I'm having the same problem.. but i can't solve it
i'm not able to put the machine to work anymore
i tryed to install udev with chroot command at knoppix .. unsucessfully, it reports it can't configure it (because of not acessing /dev/null )
i tryed the debian CD in rescue mode.. even so. it doesn't allow to install stuff properly (reports that detects chroot mode and doesn't allow to proceed)
i thought about install a 2.4 kernel, because it won't use the udev stuff (i'm not sure.. but) .. anyway it wont let me to install it..
all i got now is dispair!!!!
the machine is a web server and i made an upgrade in order to solve dependencies because i got to install the latest mono package.... then something bad occured and the system invited me to run
.. cool to do in just installed small systems,, tedious and dangerous in large systems
as u can figure. i can't let the server being down .. even if it is for development only... few, but important users
here it goes... obviously there's something kinky about udev + debian.. or not .. is not safe to manage the udev while running the 2.6 kernel, so it wont let mess with it while the kernel is running ... good old policy of debian unfortunately this is a tricky problem... in order to keep stability, we loose compatibility (udev is not upgraded along the other packages) .. now what? debian has this problem because it is a very flexible system... other distros don't have this problems... but also don't have this level of manipulation.. play dirt.. get dirt ... in a beautiful way (debian way)
if u got problems, u must boot with a 2.4.X kernel... or perhaps a previous to 2.6.12 kernel. udev is used by kernels >= 2.6.12.
after booting, with aptitude purge udev, purge 2.6.x kernel
once again with aptitude, install 2.6 kernel .. it will install udev to satisfy dependencies
reboot the machine with the brand new kernel
I had this problem on a friends computer that I had just installed Etch on.
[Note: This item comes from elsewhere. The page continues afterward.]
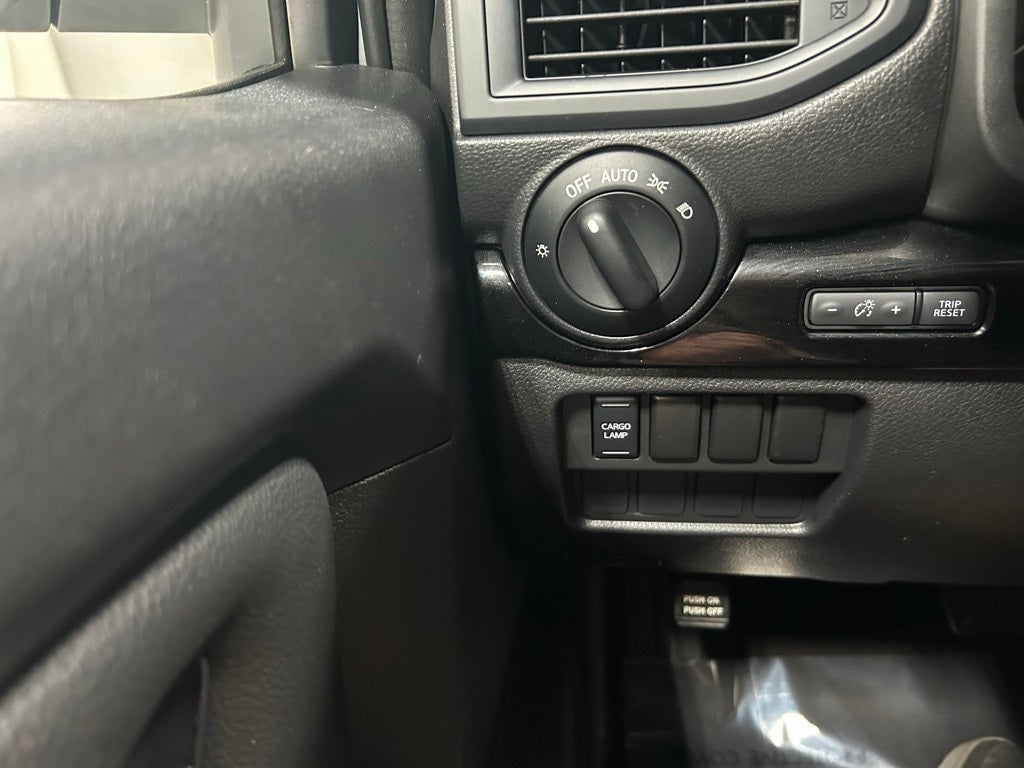 2024 Nissan TITAN Crew Cab SV 4x4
While I was away, he used the auto-update function, which I would never do, but I don't know if that was related to the issue or not.
I always leave 2 complete kernels on the system. At that point, I had the default etch 2.6.15-486, and the "proper" 2.6.15-k7 kernels. When it locked up, I booted using the ~-486 kernel, did an aptitude remove --purge on the ~-k8 kernel ... went to Sid and got the 2.6.17-k7 kernel, installed it (included udev), problem solved.
I think Etch users should get the 2.6.17 kernel anyway, because my understanding is, that's the one Debian is aiming at for Etch-stable.
I tried to upgrade udev, but it sayed it was already the latest version.
Then I did apt-cache show udev wich learned me udev conflicted with initramfs-tools. That is exactly the package where the initrd is built with! Googled for replacement and there it is.